The top pumpkin was small enough to do on my desk so here is a video of how I did each pumpkin.

I used a assortment of Helmar white glues as I was towards the end or each bottle so it was a great way to use them up.   Glues I used to apply my paper were Helmar Decoupage & Craft Glue, Helmar Tacky Glue and Helmar Craft & Hobby PVA.  I added 1 part water to 4 parts glue.
Due to limited space to craft I had to do each pumpkin individually and wait for them to dry between each layer so this made this project much more time consuming than if I could do 1 coat on all of them, let that dry and repeat.  So the time it took me is not a good gauge of how long this project will take.

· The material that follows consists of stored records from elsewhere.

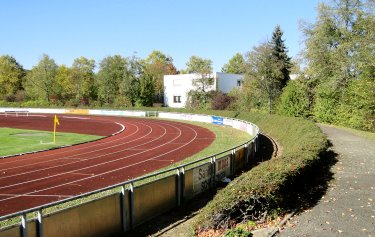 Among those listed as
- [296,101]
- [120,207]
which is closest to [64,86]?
[296,101]

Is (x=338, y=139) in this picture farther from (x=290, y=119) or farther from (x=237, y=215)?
(x=237, y=215)

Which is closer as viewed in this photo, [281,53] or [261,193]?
[261,193]

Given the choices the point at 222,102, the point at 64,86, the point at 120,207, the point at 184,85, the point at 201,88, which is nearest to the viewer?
the point at 120,207

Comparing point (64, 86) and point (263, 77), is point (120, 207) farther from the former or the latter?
point (64, 86)

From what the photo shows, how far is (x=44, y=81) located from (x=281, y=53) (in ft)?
212

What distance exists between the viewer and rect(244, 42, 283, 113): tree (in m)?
55.8

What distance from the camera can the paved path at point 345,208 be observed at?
31.5ft

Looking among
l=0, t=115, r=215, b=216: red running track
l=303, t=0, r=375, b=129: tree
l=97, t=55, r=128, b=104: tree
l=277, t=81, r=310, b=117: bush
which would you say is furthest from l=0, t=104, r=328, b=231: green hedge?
l=97, t=55, r=128, b=104: tree

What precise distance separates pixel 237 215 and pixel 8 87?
10972 centimetres

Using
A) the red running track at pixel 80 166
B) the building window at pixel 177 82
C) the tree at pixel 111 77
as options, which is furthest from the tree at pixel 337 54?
the tree at pixel 111 77

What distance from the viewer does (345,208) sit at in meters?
11.5

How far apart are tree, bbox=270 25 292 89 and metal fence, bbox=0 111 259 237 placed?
4214 cm

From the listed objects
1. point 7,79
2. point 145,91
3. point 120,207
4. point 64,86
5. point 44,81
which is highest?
point 7,79

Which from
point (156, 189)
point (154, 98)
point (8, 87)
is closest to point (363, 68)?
point (156, 189) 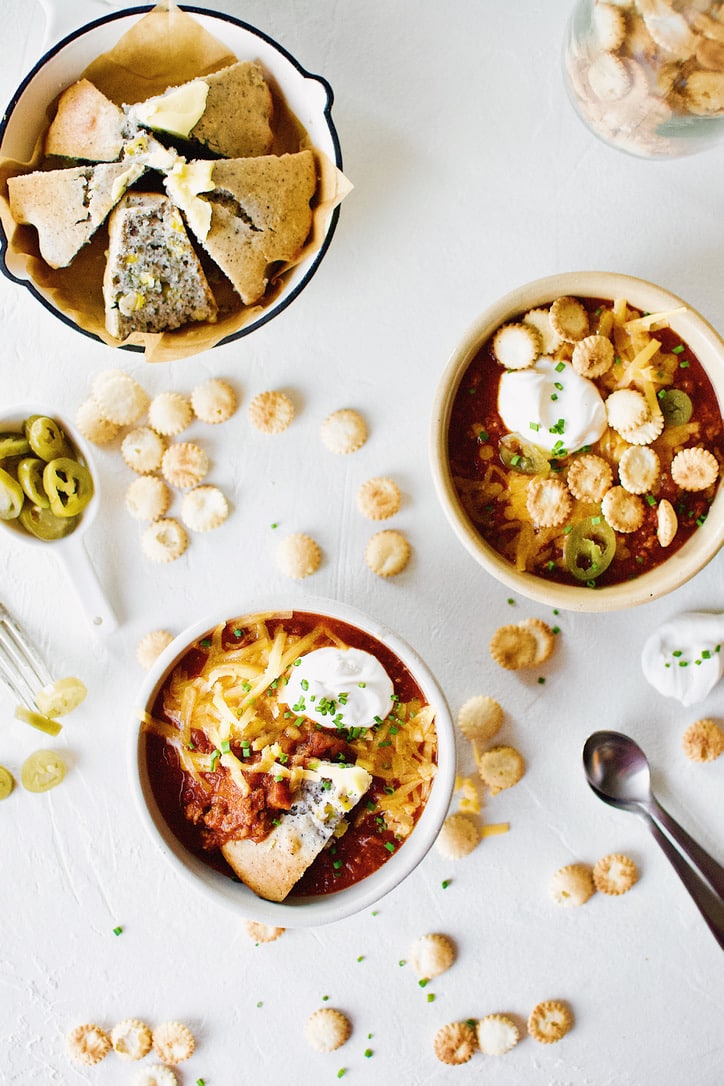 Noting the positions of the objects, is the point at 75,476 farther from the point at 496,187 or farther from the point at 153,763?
the point at 496,187

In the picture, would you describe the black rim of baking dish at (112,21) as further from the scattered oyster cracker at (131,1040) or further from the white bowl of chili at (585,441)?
the scattered oyster cracker at (131,1040)

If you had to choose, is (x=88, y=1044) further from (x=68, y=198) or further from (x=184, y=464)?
(x=68, y=198)

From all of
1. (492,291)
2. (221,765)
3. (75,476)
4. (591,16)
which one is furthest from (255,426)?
(591,16)

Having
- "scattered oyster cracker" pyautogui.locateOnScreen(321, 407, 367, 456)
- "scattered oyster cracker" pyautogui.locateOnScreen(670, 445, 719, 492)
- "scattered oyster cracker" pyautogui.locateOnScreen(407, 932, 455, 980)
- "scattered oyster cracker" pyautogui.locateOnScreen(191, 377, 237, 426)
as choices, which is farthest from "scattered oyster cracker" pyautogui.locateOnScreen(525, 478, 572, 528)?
"scattered oyster cracker" pyautogui.locateOnScreen(407, 932, 455, 980)

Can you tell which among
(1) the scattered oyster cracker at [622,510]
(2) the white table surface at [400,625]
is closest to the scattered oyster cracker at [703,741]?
(2) the white table surface at [400,625]

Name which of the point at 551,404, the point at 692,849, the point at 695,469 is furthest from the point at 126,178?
the point at 692,849

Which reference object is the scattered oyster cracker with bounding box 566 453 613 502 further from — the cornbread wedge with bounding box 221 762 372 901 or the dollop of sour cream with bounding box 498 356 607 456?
the cornbread wedge with bounding box 221 762 372 901

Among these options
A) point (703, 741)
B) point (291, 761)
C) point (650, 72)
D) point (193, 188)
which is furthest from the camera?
point (703, 741) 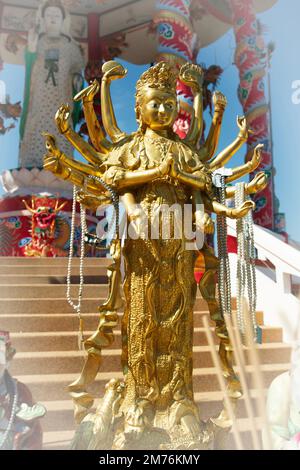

I planned to not use a pole/pipe in the middle but I found a scrap piece of PVC pipe from my son's Physics assignment and used it to make the stack a stronger stack.  I decided to seal each pumpking top.  First I tried tape and then I grabbed my Helmar Premium Craft Glue and ran it round where the paper mache and pip meet, adding scraps to fill in gaps if needed.

I needed to make a 4th pumpkin as once I squished the pumpkins down a little and sealed with the Helmar Premium Craft Glue there was extra pipe left to cover.    This is the one that is in the above video.
Once the 4th pumpkin was on I used my left over paper clay to make the stalk.  I left this to dry for 48 hours before painting.

The boys and I spent a day applying coats of orange paint to our pumpkin stack.

Once it had a good coat of orange on it I applied watered down brown paint in small sections and then wiped off the paint before it dried.  This helps add detail to the pumpkins.  I also painted the stalk brown.

I love how my pumpkin stack turned out.  I love that it is much more environmentally friendly than anything I could buy.

And I just had to make a cute Banner with my paper clay embellishments.   A blog post and process video for making the banner will be up on my blog and YouTube channel shortly.

So why not save any clean soft plastic you have that is not recyclable and use it to make a paper mache decoration.  Great for the budget and the environment, so a win win.